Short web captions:
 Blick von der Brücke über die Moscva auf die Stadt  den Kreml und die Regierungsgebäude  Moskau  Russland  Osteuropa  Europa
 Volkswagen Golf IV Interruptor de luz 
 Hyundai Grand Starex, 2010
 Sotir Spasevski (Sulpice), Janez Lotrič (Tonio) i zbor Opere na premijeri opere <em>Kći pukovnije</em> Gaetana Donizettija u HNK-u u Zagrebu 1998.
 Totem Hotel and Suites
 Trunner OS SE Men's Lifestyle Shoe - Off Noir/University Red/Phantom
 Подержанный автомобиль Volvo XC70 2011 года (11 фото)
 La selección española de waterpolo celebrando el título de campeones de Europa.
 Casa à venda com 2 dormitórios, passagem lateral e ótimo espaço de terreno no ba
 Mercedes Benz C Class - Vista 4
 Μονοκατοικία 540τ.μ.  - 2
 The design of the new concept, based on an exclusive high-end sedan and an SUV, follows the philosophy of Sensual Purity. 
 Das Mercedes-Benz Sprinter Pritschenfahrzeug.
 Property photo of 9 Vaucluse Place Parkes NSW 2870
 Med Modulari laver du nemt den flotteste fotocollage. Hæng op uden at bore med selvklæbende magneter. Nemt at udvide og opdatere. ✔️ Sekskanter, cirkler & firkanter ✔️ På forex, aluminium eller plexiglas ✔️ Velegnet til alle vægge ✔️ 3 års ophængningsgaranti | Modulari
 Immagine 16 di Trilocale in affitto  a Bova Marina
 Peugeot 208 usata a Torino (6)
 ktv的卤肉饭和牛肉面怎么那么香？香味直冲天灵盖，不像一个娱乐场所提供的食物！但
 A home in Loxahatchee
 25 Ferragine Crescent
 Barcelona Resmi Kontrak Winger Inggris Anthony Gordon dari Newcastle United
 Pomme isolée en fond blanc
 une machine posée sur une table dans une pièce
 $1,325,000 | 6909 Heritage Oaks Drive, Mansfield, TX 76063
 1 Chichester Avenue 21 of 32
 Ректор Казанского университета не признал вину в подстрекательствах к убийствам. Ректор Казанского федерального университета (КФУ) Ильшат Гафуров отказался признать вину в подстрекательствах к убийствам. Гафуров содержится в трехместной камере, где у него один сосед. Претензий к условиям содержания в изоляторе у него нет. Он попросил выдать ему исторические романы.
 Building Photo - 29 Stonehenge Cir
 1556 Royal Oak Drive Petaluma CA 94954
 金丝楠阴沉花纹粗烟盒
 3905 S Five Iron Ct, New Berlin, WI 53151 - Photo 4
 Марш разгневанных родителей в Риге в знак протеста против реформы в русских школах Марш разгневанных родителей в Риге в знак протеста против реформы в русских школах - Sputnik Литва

Work instruction: Throughout the data above, count the lines in which the word "Mercedes" occurs; supply the number alone.

The completed task: 2